● **TRY IT**
After locating the line with "Discover this beautiful" in the data that follows, return it and every later line exactly, up to and including the line with "AWTOOLS SG 200mm".
▼
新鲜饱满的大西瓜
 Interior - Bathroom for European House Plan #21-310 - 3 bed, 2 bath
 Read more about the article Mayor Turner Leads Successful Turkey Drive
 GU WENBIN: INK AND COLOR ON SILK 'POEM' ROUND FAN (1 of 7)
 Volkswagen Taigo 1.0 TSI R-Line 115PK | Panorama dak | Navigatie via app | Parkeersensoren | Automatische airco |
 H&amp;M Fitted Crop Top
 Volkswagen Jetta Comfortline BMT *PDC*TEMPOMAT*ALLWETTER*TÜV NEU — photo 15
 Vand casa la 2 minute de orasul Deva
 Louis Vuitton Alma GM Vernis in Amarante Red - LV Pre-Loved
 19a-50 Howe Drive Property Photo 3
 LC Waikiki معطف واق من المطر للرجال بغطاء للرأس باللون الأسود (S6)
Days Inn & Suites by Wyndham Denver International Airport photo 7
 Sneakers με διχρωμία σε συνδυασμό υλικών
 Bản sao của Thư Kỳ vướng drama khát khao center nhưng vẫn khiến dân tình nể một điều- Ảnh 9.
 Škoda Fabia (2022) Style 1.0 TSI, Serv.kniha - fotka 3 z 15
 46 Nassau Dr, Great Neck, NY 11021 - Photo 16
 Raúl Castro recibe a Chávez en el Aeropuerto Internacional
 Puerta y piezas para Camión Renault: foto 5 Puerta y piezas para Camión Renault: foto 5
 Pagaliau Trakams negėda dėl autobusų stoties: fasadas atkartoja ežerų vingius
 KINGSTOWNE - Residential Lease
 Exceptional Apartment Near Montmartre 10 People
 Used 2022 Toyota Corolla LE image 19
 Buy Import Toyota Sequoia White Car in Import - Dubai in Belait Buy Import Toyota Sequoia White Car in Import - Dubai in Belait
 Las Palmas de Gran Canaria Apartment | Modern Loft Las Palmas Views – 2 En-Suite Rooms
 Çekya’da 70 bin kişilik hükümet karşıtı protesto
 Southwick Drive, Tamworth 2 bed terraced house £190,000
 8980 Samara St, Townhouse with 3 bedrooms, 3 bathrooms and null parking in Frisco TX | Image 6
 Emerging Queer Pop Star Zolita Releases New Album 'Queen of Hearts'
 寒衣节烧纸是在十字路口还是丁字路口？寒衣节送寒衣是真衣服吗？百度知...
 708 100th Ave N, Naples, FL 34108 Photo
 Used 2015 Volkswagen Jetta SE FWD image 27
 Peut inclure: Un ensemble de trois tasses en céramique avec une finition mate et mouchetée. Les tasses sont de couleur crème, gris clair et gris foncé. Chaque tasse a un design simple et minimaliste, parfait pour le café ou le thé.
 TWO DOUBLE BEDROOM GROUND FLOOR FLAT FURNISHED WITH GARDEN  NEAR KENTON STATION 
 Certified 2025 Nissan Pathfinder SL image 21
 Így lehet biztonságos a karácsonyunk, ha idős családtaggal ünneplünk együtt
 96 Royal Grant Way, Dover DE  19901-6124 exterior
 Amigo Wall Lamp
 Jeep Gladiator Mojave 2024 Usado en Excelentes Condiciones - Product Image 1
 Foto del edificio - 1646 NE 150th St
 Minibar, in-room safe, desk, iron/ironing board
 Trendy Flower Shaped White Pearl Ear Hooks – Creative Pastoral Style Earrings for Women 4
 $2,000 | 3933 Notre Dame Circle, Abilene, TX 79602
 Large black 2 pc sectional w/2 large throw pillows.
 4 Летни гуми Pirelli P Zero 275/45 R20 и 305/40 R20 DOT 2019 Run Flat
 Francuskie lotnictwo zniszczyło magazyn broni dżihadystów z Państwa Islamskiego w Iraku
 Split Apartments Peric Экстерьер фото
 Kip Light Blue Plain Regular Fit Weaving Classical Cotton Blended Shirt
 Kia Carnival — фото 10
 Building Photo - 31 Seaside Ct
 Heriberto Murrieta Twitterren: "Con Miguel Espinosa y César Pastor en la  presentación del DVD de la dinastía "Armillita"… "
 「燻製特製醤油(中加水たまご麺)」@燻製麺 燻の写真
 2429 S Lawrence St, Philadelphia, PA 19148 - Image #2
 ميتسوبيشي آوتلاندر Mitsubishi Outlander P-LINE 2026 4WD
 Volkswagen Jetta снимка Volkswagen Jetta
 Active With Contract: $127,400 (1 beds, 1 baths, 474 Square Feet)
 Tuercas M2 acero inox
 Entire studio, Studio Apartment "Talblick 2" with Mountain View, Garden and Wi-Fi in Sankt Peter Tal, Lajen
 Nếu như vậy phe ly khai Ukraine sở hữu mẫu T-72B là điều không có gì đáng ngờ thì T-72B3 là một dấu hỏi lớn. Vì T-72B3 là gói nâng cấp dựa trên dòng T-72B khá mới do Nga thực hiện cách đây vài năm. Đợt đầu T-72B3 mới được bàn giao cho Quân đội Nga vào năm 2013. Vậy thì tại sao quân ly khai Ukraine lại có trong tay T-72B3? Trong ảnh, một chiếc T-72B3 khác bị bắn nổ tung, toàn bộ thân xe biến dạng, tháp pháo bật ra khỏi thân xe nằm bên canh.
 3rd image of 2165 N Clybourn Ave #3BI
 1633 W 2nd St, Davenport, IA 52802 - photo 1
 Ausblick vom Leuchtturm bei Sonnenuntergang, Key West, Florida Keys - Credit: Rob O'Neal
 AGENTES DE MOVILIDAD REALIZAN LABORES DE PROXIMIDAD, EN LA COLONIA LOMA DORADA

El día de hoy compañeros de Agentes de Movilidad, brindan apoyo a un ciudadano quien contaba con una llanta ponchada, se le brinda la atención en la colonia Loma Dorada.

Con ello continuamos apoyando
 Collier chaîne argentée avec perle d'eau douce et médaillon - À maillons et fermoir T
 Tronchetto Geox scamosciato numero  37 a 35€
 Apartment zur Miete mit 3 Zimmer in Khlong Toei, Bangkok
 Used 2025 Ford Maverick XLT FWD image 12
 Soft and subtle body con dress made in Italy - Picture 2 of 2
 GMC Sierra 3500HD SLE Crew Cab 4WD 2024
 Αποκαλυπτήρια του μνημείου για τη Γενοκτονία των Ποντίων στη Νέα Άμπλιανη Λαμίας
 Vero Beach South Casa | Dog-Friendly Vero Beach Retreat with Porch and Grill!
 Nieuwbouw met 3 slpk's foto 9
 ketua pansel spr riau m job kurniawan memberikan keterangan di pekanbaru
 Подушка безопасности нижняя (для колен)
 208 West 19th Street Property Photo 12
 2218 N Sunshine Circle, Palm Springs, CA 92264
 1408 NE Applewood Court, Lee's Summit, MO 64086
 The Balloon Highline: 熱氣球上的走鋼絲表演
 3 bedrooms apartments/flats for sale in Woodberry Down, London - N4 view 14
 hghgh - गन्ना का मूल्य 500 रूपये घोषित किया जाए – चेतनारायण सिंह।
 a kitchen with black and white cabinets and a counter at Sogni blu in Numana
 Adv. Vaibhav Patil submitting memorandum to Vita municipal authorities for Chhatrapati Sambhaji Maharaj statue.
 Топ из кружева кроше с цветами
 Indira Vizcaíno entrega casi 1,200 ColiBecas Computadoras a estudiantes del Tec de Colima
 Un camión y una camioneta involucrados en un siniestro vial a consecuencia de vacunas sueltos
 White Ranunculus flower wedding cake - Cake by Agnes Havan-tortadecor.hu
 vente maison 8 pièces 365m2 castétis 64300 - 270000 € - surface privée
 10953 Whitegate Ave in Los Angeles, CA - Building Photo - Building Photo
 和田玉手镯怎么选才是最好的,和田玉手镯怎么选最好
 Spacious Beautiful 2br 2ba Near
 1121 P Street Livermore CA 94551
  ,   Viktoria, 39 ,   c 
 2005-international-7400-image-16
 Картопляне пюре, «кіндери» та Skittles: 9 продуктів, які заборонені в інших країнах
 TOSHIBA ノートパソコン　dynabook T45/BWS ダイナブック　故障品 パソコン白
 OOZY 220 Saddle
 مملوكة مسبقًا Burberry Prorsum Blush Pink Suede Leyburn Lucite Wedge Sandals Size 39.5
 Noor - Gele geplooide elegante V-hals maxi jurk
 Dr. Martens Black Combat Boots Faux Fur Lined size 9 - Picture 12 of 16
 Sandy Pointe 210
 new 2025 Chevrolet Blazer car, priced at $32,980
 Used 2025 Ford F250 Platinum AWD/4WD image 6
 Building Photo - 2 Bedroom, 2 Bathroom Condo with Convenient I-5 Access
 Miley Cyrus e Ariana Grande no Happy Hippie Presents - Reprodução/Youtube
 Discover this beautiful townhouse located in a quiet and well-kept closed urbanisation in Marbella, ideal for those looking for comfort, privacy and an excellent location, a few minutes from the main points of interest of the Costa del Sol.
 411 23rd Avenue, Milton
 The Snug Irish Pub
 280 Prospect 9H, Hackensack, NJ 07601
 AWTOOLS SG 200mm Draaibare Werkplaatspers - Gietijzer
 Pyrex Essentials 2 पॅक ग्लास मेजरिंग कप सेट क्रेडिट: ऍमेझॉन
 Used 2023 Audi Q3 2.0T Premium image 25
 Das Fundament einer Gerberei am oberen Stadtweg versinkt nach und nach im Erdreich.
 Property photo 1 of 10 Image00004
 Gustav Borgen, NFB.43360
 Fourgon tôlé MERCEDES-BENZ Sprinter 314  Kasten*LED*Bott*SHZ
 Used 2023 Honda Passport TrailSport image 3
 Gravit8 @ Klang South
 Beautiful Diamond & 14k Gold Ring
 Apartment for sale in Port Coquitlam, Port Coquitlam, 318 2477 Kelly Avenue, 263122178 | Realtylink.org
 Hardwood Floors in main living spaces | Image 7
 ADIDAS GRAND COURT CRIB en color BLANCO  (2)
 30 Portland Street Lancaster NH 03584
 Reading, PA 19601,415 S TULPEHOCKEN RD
▲
● **SOLVED PROBLEM**
 Discover this beautiful townhouse located in a quiet and well-kept closed urbanisation in Marbella, ideal for those looking for comfort, privacy and an excellent location, a few minutes from the main points of interest of the Costa del Sol.
 411 23rd Avenue, Milton
 The Snug Irish Pub
 280 Prospect 9H, Hackensack, NJ 07601
 AWTOOLS SG 200mm Draaibare Werkplaatspers - Gietijzer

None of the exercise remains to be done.